To go the other direction, C arrays can be converted to Go slices using unsafe.Slice(). Be careful since this backs the Go slice with the C data, it doesn’t copy. So modifying the created slice values modifies the C memory.

package main

/*
#include <stddef.h>

typedef struct person {
	int age;
} person_t;

const person_t PEOPLE[] = {
	{.age = 10},
	{.age = 32},
	{.age = 57},
	{.age = 92},
};

const person_t* get_people(size_t* size) {
	*size = 4;
	return PEOPLE;
}
*/
import "C"
import (
	"fmt"
	"unsafe"
)

func main() {
	var size C.size_t
	peoplePtr := C.get_people(&size)

	// Create a Go slice backed by a C array.
	people := unsafe.Slice(peoplePtr, size)

	sum := 0.0
	for _, p := range people {
		sum += float64(p.age)
	}
	fmt.Printf("Average age: %f\n", sum/float64(size))
}

Strings

The “C” package provides a number of convinences for converting between Go strings and C strings, handling the difference in null-termination.

To convert a Go string to C, use C.CString(). Note that this allocates C memory for the resulting string, and must be manually free’d.

package main

/*
#include <stdio.h>
#include <stdlib.h>

void say_hello(char* name) {
	printf("Hello, %s!\n", name);
}
*/
import "C"
import "unsafe"

func main() {
	name := C.CString("cgo")
	defer C.free(unsafe.Pointer(name)) // Don't forget to free!

	C.say_hello(name)
}

The corresponding C.GoString() provides the conversion in the opposite direction, from C to Go.

package main

/*
const char* go_proverb() {
	return "With the unsafe package there are no guarantees.";
}
*/
import "C"
import "fmt"

func main() {
	proverb := C.GoString(C.go_proverb())
	fmt.Println(proverb)
}

Pointer fields

Go’s runtime implements both garbage collection and stack resizing, routinely moving or reclaiming allocations.
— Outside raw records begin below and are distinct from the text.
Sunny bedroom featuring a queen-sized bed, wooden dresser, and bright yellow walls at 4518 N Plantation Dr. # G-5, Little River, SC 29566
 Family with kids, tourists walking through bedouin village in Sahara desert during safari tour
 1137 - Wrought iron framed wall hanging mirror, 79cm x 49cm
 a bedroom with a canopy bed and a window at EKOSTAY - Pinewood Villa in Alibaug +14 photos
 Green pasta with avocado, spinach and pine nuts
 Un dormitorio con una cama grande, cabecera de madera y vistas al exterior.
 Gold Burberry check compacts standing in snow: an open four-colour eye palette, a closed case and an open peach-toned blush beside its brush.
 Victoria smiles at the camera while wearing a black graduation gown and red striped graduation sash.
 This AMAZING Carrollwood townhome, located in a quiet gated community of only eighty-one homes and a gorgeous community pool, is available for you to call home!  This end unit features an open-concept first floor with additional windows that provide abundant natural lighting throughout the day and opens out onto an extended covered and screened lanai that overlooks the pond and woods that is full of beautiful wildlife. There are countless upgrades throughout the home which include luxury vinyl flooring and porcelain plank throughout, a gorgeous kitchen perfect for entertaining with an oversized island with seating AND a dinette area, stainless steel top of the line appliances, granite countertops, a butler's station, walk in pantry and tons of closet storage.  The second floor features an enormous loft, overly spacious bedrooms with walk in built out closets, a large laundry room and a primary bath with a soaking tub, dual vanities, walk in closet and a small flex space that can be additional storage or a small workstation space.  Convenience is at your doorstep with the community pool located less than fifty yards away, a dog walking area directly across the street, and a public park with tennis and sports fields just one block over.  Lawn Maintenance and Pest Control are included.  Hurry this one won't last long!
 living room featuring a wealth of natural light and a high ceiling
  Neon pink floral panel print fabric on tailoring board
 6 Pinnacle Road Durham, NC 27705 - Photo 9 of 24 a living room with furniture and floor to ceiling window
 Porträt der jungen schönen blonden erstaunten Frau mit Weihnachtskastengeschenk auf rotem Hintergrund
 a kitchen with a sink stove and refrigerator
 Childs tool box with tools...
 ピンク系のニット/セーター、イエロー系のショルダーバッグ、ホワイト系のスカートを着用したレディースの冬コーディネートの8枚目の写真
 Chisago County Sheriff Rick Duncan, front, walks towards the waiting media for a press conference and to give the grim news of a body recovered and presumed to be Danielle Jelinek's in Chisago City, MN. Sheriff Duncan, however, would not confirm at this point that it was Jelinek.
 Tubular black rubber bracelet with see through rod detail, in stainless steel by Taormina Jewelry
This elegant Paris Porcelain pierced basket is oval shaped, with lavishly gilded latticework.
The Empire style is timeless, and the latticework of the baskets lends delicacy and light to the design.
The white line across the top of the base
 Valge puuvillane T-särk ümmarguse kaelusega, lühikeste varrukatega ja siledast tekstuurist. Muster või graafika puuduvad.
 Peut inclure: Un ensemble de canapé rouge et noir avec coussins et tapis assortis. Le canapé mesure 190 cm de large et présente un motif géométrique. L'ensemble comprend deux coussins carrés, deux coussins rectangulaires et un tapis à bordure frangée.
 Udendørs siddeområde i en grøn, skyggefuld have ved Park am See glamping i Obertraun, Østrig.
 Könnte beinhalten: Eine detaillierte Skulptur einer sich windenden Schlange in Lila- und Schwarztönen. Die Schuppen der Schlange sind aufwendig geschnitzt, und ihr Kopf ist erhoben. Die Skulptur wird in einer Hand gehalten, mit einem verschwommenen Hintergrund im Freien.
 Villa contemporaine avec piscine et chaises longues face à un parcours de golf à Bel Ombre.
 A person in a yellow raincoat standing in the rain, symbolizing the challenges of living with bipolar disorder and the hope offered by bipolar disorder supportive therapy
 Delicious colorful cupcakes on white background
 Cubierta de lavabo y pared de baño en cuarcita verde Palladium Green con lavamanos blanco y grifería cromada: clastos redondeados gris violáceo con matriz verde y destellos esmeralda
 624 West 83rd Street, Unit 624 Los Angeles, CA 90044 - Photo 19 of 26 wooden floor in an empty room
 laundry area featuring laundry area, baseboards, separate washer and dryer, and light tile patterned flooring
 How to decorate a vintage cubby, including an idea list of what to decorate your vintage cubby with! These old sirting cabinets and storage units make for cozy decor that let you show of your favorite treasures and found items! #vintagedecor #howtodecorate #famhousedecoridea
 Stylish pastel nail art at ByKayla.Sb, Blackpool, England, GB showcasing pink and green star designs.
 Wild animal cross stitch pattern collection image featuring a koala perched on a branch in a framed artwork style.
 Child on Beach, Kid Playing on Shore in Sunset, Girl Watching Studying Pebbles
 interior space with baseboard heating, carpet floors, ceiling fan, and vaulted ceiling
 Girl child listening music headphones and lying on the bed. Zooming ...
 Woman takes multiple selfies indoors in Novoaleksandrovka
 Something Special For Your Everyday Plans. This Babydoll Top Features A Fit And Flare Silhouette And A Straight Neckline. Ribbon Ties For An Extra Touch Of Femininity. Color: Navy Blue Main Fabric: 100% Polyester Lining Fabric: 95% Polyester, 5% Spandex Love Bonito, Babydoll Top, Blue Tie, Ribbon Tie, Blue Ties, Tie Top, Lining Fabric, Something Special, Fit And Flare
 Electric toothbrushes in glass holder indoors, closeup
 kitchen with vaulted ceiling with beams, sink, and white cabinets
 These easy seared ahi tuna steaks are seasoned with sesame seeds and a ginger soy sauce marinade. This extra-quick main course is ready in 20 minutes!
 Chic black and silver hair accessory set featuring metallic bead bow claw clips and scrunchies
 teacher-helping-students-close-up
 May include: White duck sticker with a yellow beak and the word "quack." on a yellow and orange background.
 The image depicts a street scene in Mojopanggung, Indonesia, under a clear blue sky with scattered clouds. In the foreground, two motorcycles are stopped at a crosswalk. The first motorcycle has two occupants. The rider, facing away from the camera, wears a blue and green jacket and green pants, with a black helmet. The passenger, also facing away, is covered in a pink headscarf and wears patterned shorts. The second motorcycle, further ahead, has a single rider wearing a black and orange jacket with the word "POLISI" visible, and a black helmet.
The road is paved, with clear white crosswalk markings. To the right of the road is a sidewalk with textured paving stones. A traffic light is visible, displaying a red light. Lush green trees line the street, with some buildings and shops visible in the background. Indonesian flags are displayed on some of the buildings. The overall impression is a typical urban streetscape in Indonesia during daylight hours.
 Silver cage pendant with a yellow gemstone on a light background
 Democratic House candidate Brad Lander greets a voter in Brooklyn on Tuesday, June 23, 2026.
Without bookkeeping, there’s a danger that Go might garbage collect or move a pointer that’s actively being used by C.

Go pointers used as arguments to C functions are implicitly handled by the Go runtime for the lifetime of the C call (which is why C.adder_add(&a) works in the first section). But what if we pass a pointer some other way?

Consider the following program, which takes a struct with a pointer field.

package main

/*
#include <stdio.h>

typedef struct person {
	int age;
} person_t;

typedef struct pet {
	int age;
	person_t* owner; // Pointer to a person_t struct.
} pet_t;

void print_pet(pet_t* p) {
	printf("Pet age %d owned by person age %d\n", p->age, p->owner->age);
}
*/
import "C"

func main() {
	person := C.person_t{
		age: 50,
	}
	pet := C.pet_t{
		age:   3,
		owner: &person, // Invalid: passing Go pointer to C without explicit declaration.
	}
	C.print_pet(&pet)
}

Go detects that the “person” pointer has been passed to C without handling by the Go runtime, and crashes the program.

panic: runtime error: cgo argument has Go pointer to unpinned Go pointer

goroutine 1 [running]:
main.main.func1(0xc000016060)
	.../pointer.go:33 +0x26
main.main()
	.../pointer.go:33 +0x5f
exit status 2

There are two potential fixes to this issue.

First, we can allocate the struct using C, sidestepping the Go runtime altogether. Remember to manually free the the returned value.

func main() {
	// Person is now allocated and managed by the C runtime, not Go.
	//
	// The "C" package provides "C.sizeof_TYPE" variables for convenience.
	person := (*C.person_t)(C.malloc(C.sizeof_person_t))
	defer C.free(unsafe.Pointer(person)) // Remember to free after use!
	person.age = 50

	pet := C.pet_t{
		age:   3,
		owner: person, // Pointer is managed by C, not Go.
	}
	C.print_pet(&pet)
}

Second, Go 1.21 introduced the runtime.Pinner API, which can mark pointers that shouldn’t be moved or reclaimed. In this case, Go manages the pointer, but knows not to modify it until after our program calls Unpin().

func main() {
	pinner := &runtime.Pinner{}
	defer pinner.Unpin()

	person := C.person_t{
		age: 50,
	}
	pinner.Pin(&person) // "Pin" pointer until Unpin() is called.

	pet := C.pet_t{
		age:   3,
		owner: &person, // Pinned Go pointer is safe to be passed to C.
	}
	C.print_pet(&pet)
}

There are many, many more rules and nuances covered by the cgo docs.

errno

One last convenience to mention is Go’s automatic handling of errno. Because goroutines can be moved to different OS threads at any time, it’s not safe to call a C function then read the value of C.errno after. Those statements may happen on different threads.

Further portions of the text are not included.